Quand Brent se présenta au dessert pour dire qu’il venait de rosser un militaire surpris à fouiller une chambre du rez-de-chaussée, le général éclata de rire, envoya chercher le major et lui dit clairement qu’il interdisait tout pillage… Virginie le remercia d’un de ces sourires dans lesquels les hommes savent lire d’inconcevables promesses.

« Je suis heureuse de voir, général, que l’armée des États-Unis n’est pas cette bande de pillards rassemblée par Butler dont on a dit pis que pendre.

— Notre mission, madame, est de gagner une guerre que nous n’avons pas souhaitée, pour reconstruire l’Union, non de voler des citoyens égarés par les marchands d’esclaves ! »

Le café bu, sur un signe discret du général, les officiers prirent congé, laissant leur chef en tête-à-tête avec la maîtresse de céans. Les domestiques noirs ne furent pas moins étonnés que les soldats, qui bivouaquaient non loin de la maison, ni que les sentinelles de voir, à la nuit tombée, le général Banks prendre le frais sur la galerie avec la dame de Bagatelle.

Virginie se montra volubile, enjôleuse, un peu ironique quelquefois, souvent mélancolique, évoquant devant le guerrier fatigué la douce vie du Sud et s’interrogeant sur l’avenir. Peu à peu, les confidences se firent plus confiantes et, quand Brent servit la tisane de sassafras, il vit, horrifié, que la main du général caressait doucement le bras abandonné de sa maîtresse.

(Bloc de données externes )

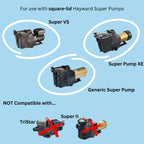 EZ POOLS Reinforced-Duty Pump Basket – 4X Stronger Mold Than OEM, Fits Hayward Super Pump (SPX1600M)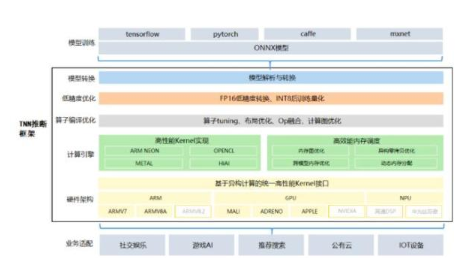 深度学习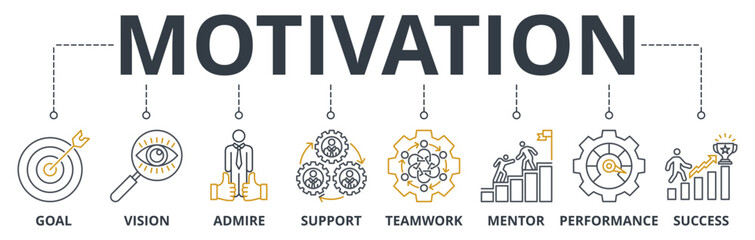 Motivation web banners concept vector illustration with keywords and icons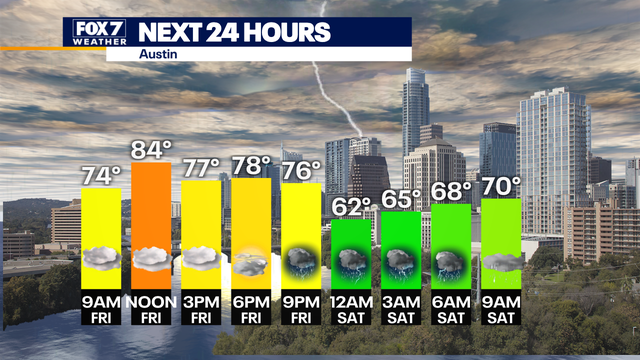 Austin weather: Possible severe storms with localized flooding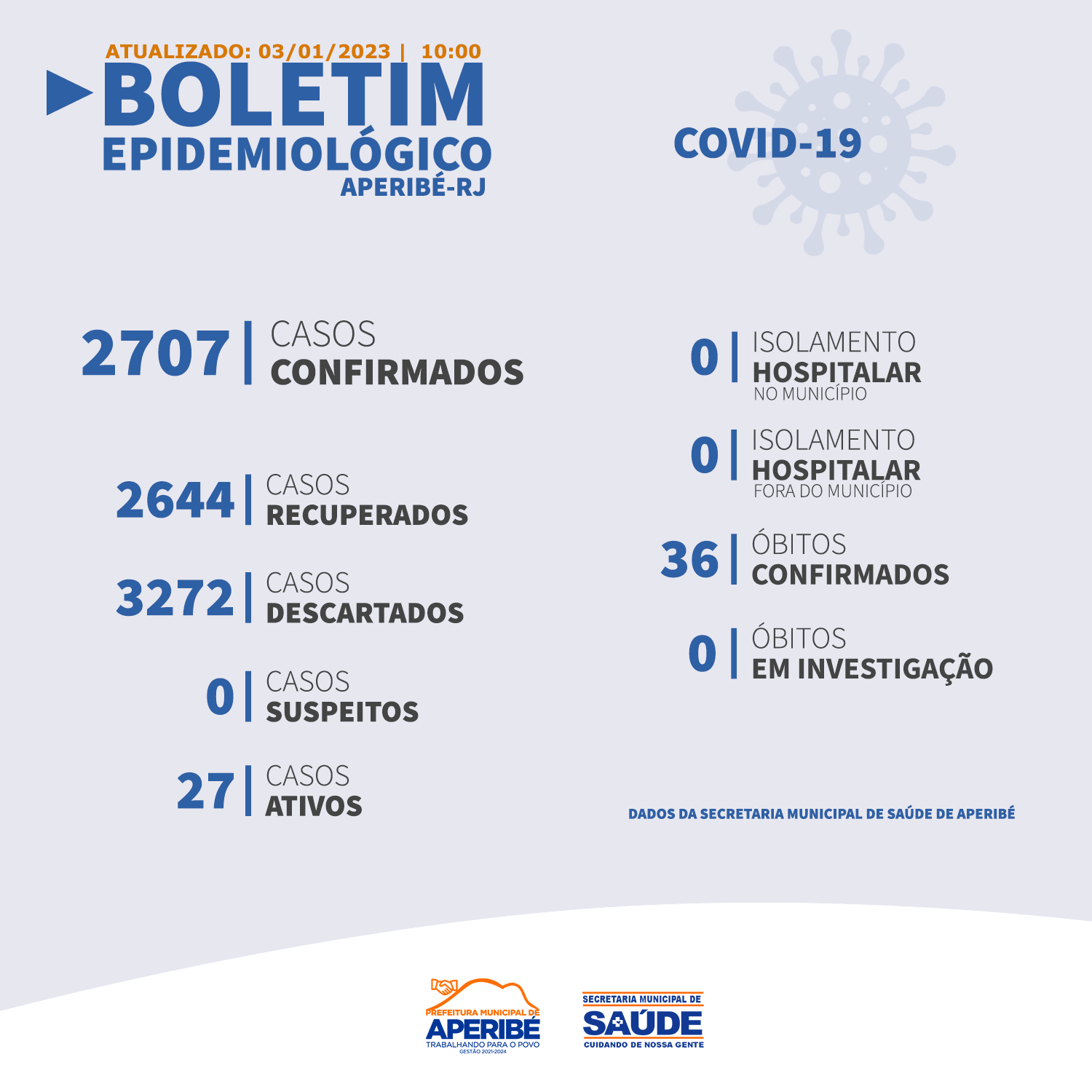 https://www.aperibe.rj.gov.br/arquivos/2023-01-31/03-01.png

Au petit matin, quand le clairon sonna le réveil, provoquant l’envol des cardinaux et des jaseurs endormis dans le feuillage des chênes, le général Banks rejoignit discrètement la chambre qui lui avait été désignée, pour y faire sa toilette. Son ordonnance apportant l’eau chaude remarqua le lit intact, la gaieté inhabituelle de Nathaniel Banks et se dit que le général avait dû passer, quelque part dans cette maison, une de ses meilleures nuits de guerre.

Debout derrière sa fenêtre, Virginie suivit les préparatifs de départ et entendit enfin la phrase qui la rassurait :

« Le général ne veut pas qu’on brûle cette maison, ni qu’on y prélève quoi que ce soit, disait le colonel. Surveillez vos hommes, messieurs, vous répondrez de leurs manquements devant le Conseil de guerre. »

Elle vit le chef de l’armée du golfe sauter en selle, puis se diriger, accompagné de son état-major, vers l’allée des chênes. Avant de s’engager sous les frondaisons, il se retourna vers la maison, espérant peut-être, derrière une fenêtre aux rideaux clos, une silhouette de femme. Virginie, le visage sévère, ne se montra pas.

La troupe se mit enfin en route en chantant le chant exécré par les Sudistes : John Brown’s Body{69}.

John Brown gît dans sa tombe et son corps se décompose
Mais son âme est en marche,
Gloria, Gloria, Alléluia !
Mais son âme est en marche…

« En marche vers l’enfer, oui, comme tous ceux-là », murmura Virginie.

Bagatelle était sauvée. Elle sonna Rosa, fit changer les draps de son lit et se rendormit.